Cette solution n’est guère novatrice puisqu’elle n’est que le rappel de la solution réaffirmée alors à l’époque, avec force, par l’arrêt de Section du Conseil d’Etat du 31 mars 2017, Société Savoie Lac Investissements (n° 392186).
Et, dans ce contentieux, le Conseil d’Etat, afin de maintenir la règle de l’opposabilité directe de la loi Littoral aux permis de construire, avait précisé que la circonstance que le permis de construire serait conforme au PLU ne remettait pas en cause que sa légalité devait être appréciée directement au regard de la loi Littoral :

« Eu égard, d’une part, au seul rapport de compatibilité prévu par l’article L. 111-1-1 du code de l’urbanisme entre les documents d’urbanisme qu’il mentionne et entre ces documents et les règles spécifiques à l’aménagement et à la protection du littoral et, d’autre part, au rapport de conformité qui prévaut entre les décisions individuelles relatives à l’occupation ou à l’utilisation du sol et ces mêmes règles, la circonstance qu’une telle décision respecte les prescriptions du plan local d’urbanisme ne suffit pas à assurer sa légalité au regard des dispositions directement applicables des articles L. 146-1 et suivants de ce code ».

En d’autres termes, peu importe si le permis de construire est bien conforme à la réglementation d’urbanisme locale, il peut être contraire à la loi Littoral.
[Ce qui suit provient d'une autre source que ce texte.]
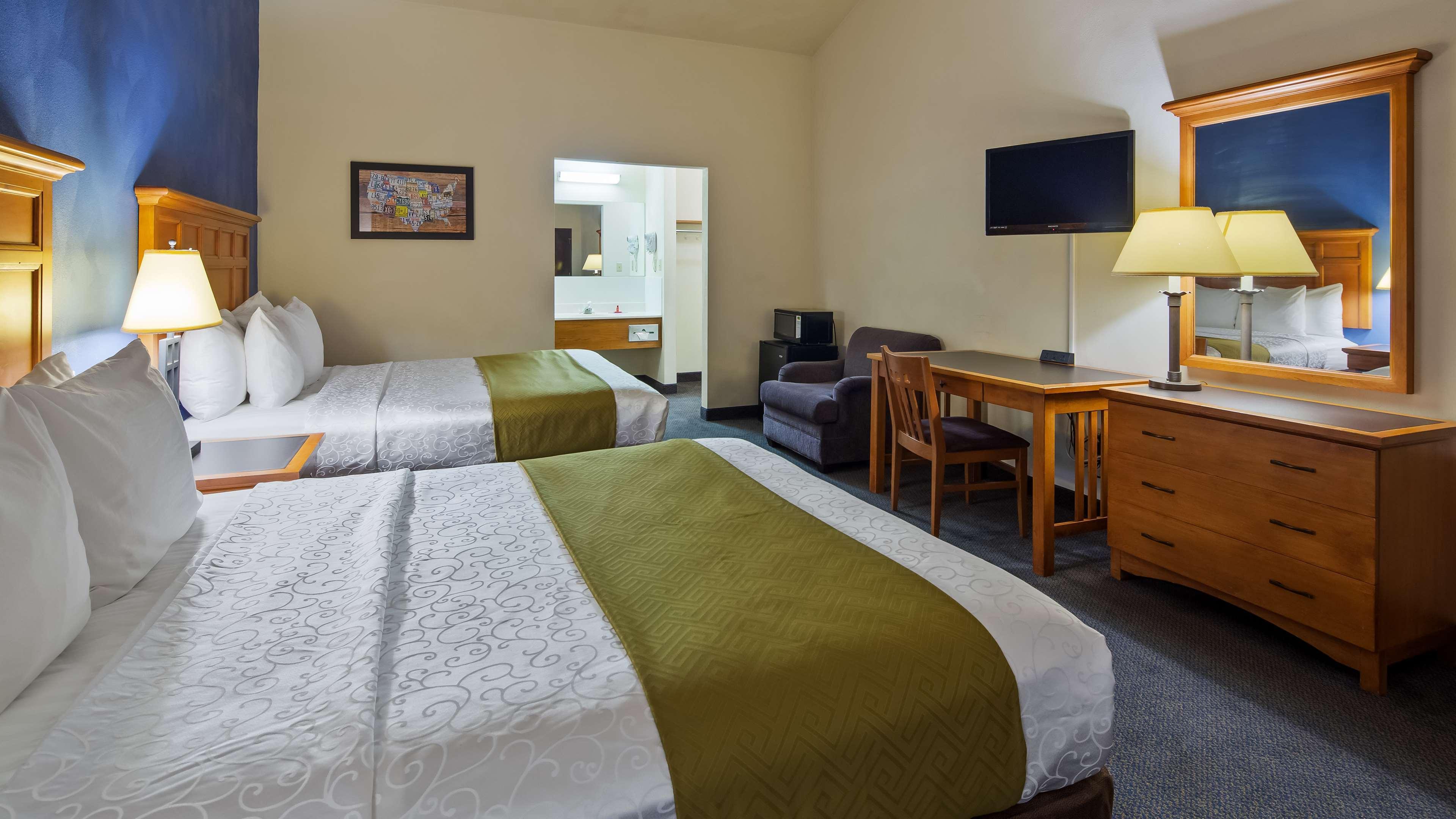 Surestay Hotel By Best Western Greenville Eksteriør bilde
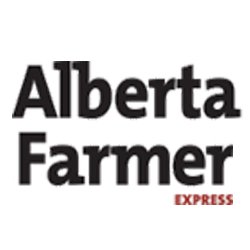 Alberta Farmer Express is widely recognized as the place where Alberta farmers and ranchers find out what's happening in agriculture.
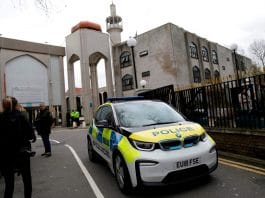 Un homme reconnu coupable d'avoir poignardé un muezzin à la mosquée de Londres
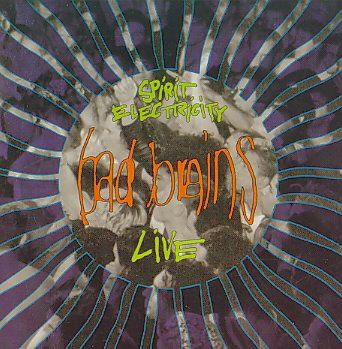 Bad Brains - Spirit Electricity (CD)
Ainsi, le permis de construire en zone littorale doit, pour être légal, être conforme tant à la loi Littoral qu’à la réglementation d’urbanisme locale.

Ensuite, le Conseil d’Etat vient plus précisément sur la question du SCoT.
Il juge qu’il résulte des articles L. 131-4 et L. 131-7 du code de l’urbanisme, que, s’agissant d’un plan local d’urbanisme, il appartient à ses auteurs de s’assurer, sous le contrôle du juge de l’excès de pouvoir, de sa compatibilité avec les dispositions du code de l’urbanisme particulières au littoral.

Dans son arrêt du 11 mars dernier, le Conseil d’Etat avait cependant déjà posé une exception à cette règle :
Cependant, lorsqu’un schéma de cohérence territoriale ou un des autres schémas mentionnés par les dispositions du II de l’article L. 146-4 du code de l’urbanisme comporte des dispositions suffisamment précises et compatibles avec ces dispositions législatives qui précisent les conditions de l’extension de l’urbanisation dans l’espace proche du rivage dans lequel l’opération est envisagée, le caractère limité de l’urbanisation qui résulte de cette opération s’apprécie en tenant compte de ces dispositions du schéma concerné. » (CE, 11 mars 2020, Confédération Environnement Méditerranée, n° 419861),

Le Conseil d’Etat retenait ainsi que le caractère limité de l’extension d’une urbanisation dans une commune littorale devait s’apprécier en tenant compte des dispositions du SCoT si ses dispositions étaient suffisamment précises et compatibles avec les règles particulières du littoral.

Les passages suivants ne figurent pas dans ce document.